=== Your goal ===
Leaving out every picture, transcribe the lines from the line that contains "a poster with" to the end of the entries below, both ends included.

=== Material for this exercise ===
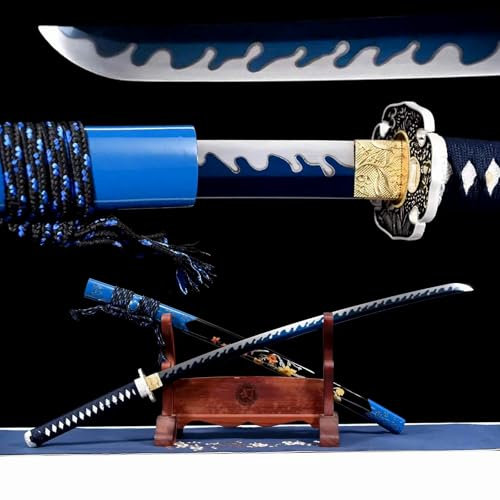103cm handgefertigte Katana,Hochleistungsklinge aus Manganstahl mit gegrillter blauer Handwerkskunst,Scheide aus massivem Holz mit bemaltem Muster,echte Katana für Rollenspiele,Spielen,Kendo-Training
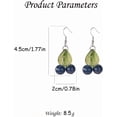 thumbnail image 6 of Acrylic Cute Cherry Dangle Drop Earrings for Women Silver Plated Resin Green Leaf Sweet Lovely Food Fruit Tassel Dangling Earring Lightweight Chic Fish Hook Christmas Xmas Fall Holiday Jewelry, 6 of 10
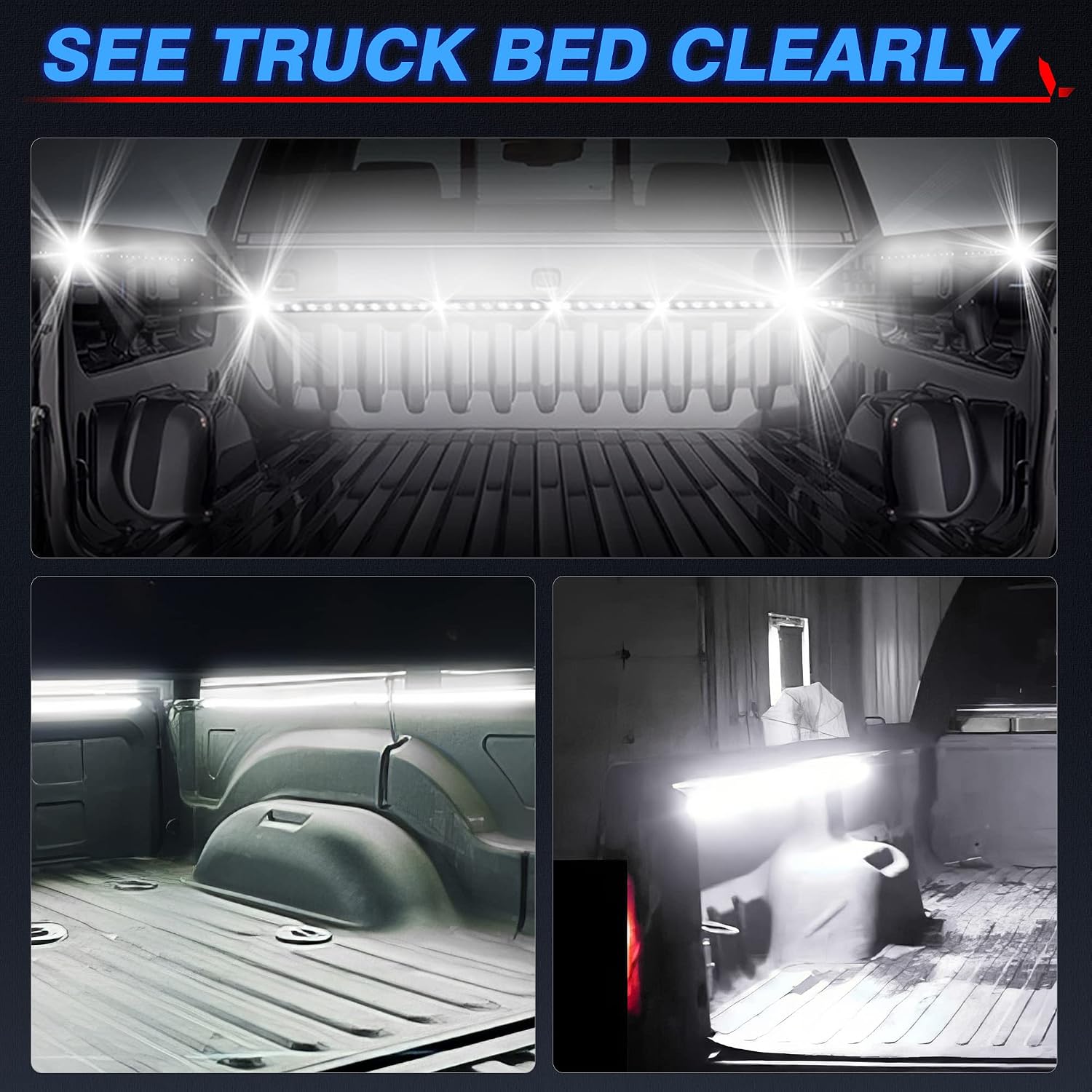 MICTUNING 3Pcs 60 Inch Truck Bed Lights - White Waterproof LED Light Strip with On-Off Switch Fuse Splitter Cable Compatible for Truck Jxxp Pickup RV SUV Vans Cargo Boats and More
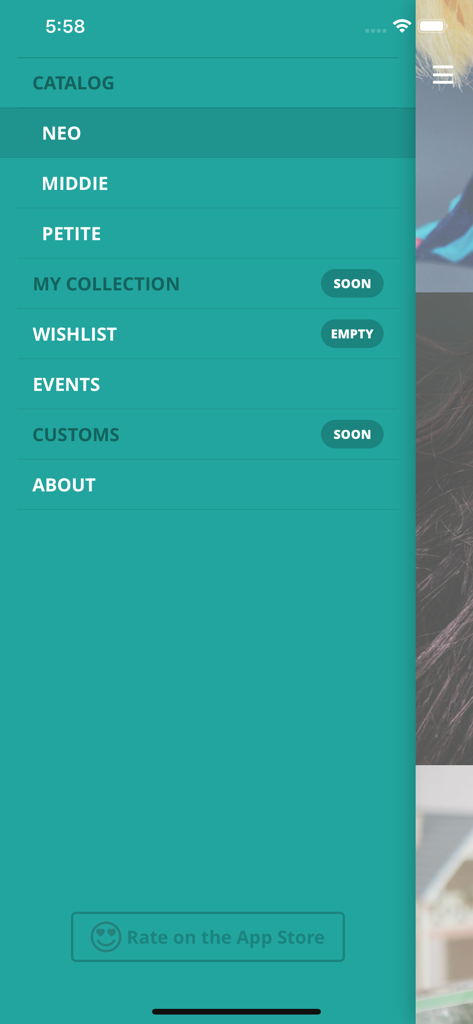 My Doll Collection for Blythe - Menu de navegação lateral do aplicativo My Doll Collection for Blythe mostrando opções para catálogos de bonecas Neo, Middie e Petite, juntamente com uma lista de desejos e seção de eventos.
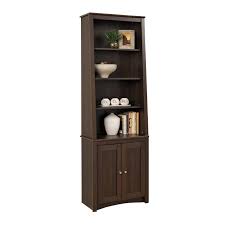 The virginia bookcase door set features a rich espresso woodgrain laminate finish that is scratch, dent and water resistant. Prepac Slant Back Bookcase With Shaker Doors In Espresso Esbh 0002 1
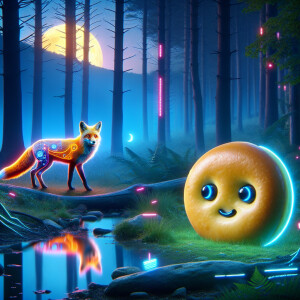 A round bun with eyes and mouth met a bioengineered fox in the f...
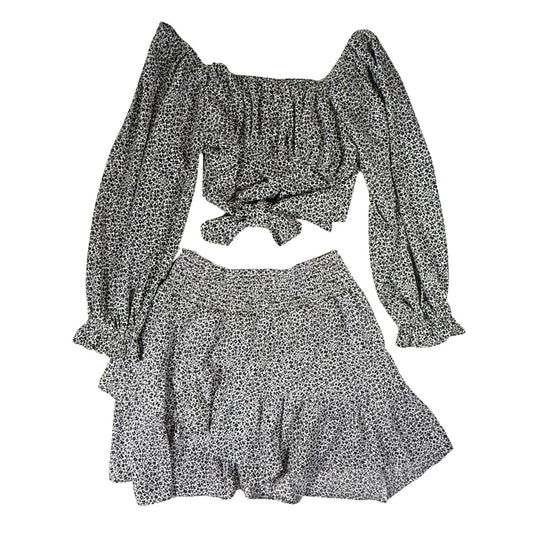 Floral matching set back view with flowy skirt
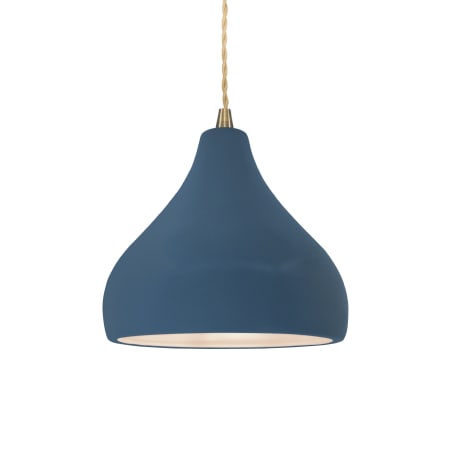 Justice Design Group Radiance 8" Wide Mini Pendant with a Ceramic Midnight Sky and Matte White Shade Antique Brass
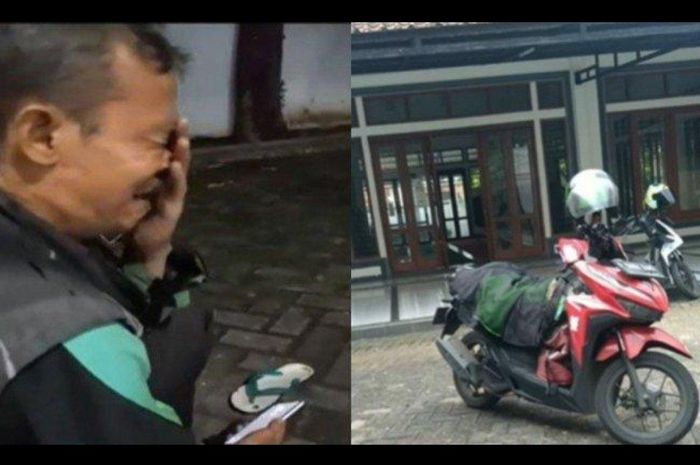 Sopir ojol (Ojek Online) di Bogor menangis usai motornya hilang di parkiran masjid Cijahe
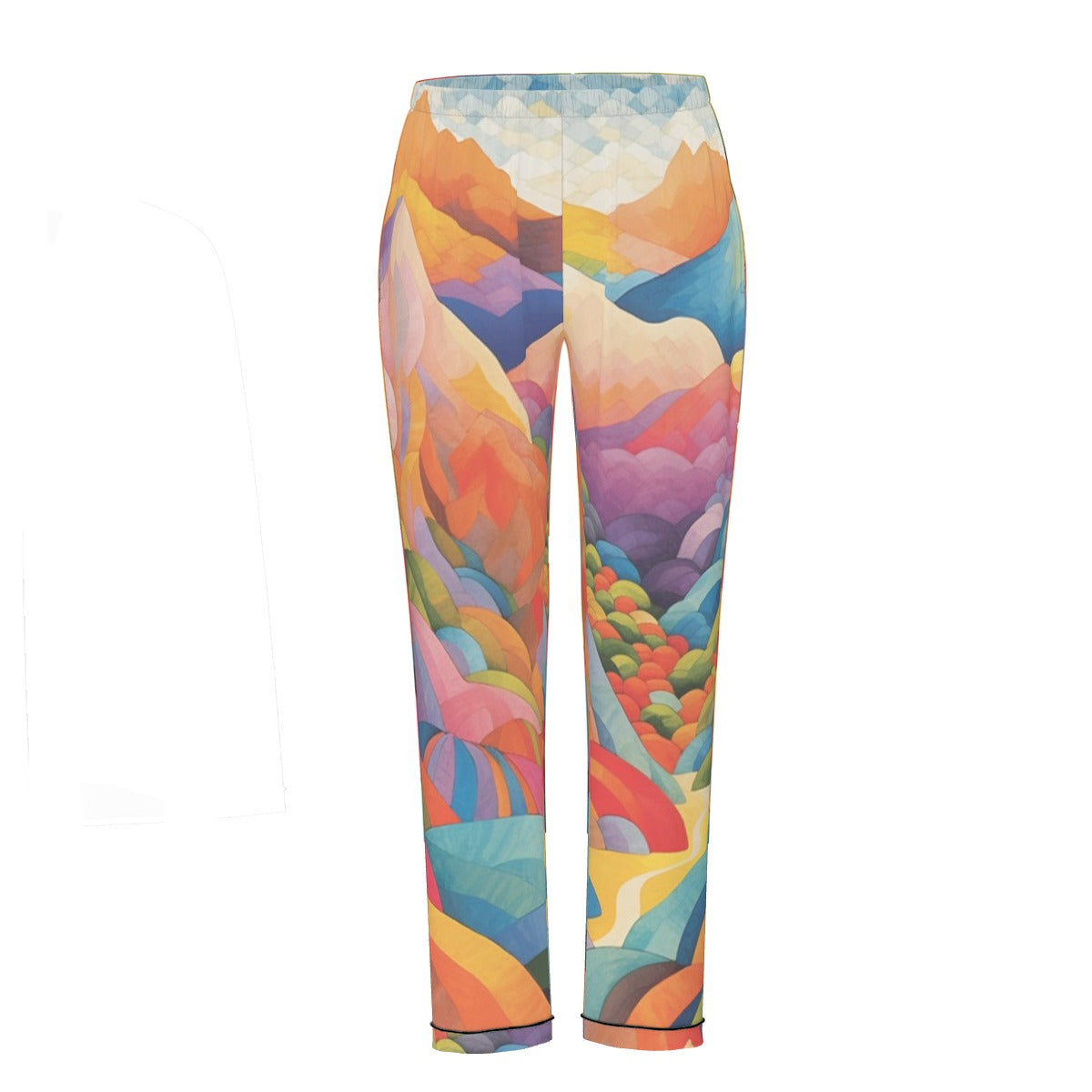 All-Over Print Women's Long Sleeve Pajama Set With Black Contrast Piping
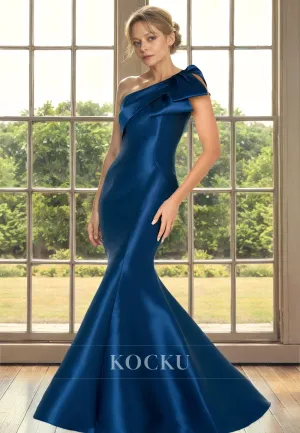 Couture & Ornate One Shoulder Sleeveless Satin Cocktail Mother of the Bride Dress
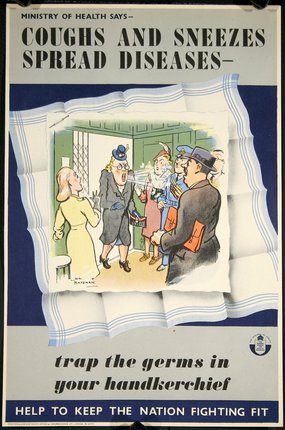 a poster with a cartoon of a man talking to a woman
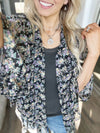 Tell Me A Secret Floral Print Ruffle Kimono in Black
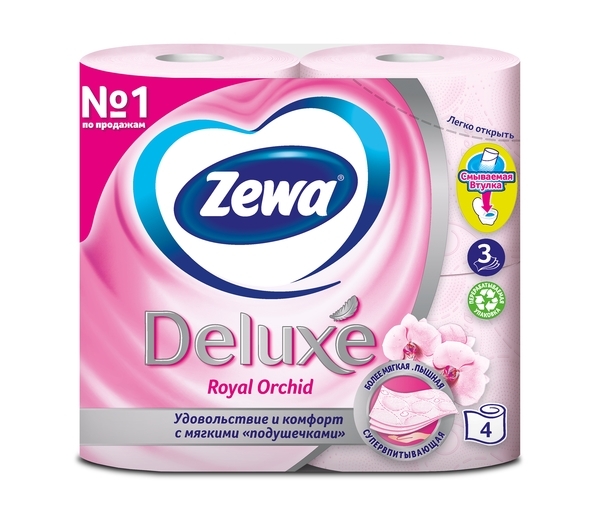 

Трехслойная туалетная бумага Zewa Deluxe Royal Orchid, розовый, 4 рулона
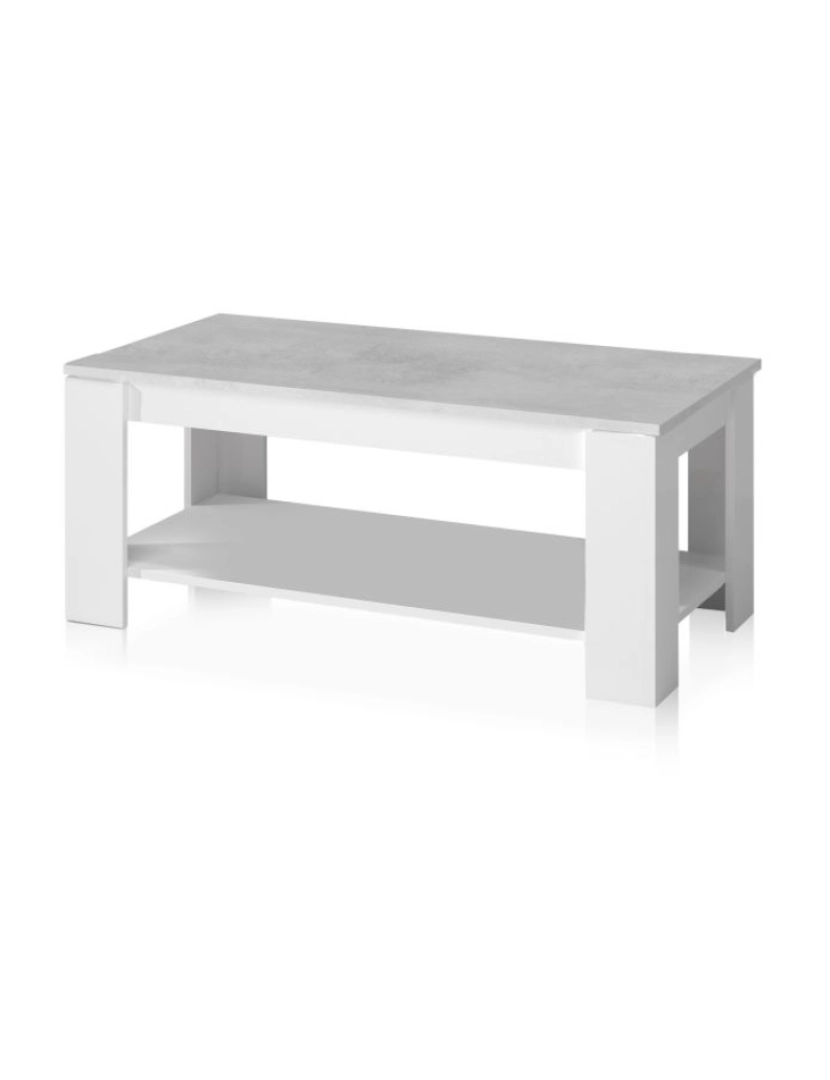 imagem de Mesa de centro elevatória Lya Blanco Artik (Blanco Mate) - Gris Cemento 102 x 54 x cm4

=== Answer box ===
 a poster with a cartoon of a man talking to a woman
 Tell Me A Secret Floral Print Ruffle Kimono in Black

Трехслойная туалетная бумага Zewa Deluxe Royal Orchid, розовый, 4 рулона
 imagem de Mesa de centro elevatória Lya Blanco Artik (Blanco Mate) - Gris Cemento 102 x 54 x cm4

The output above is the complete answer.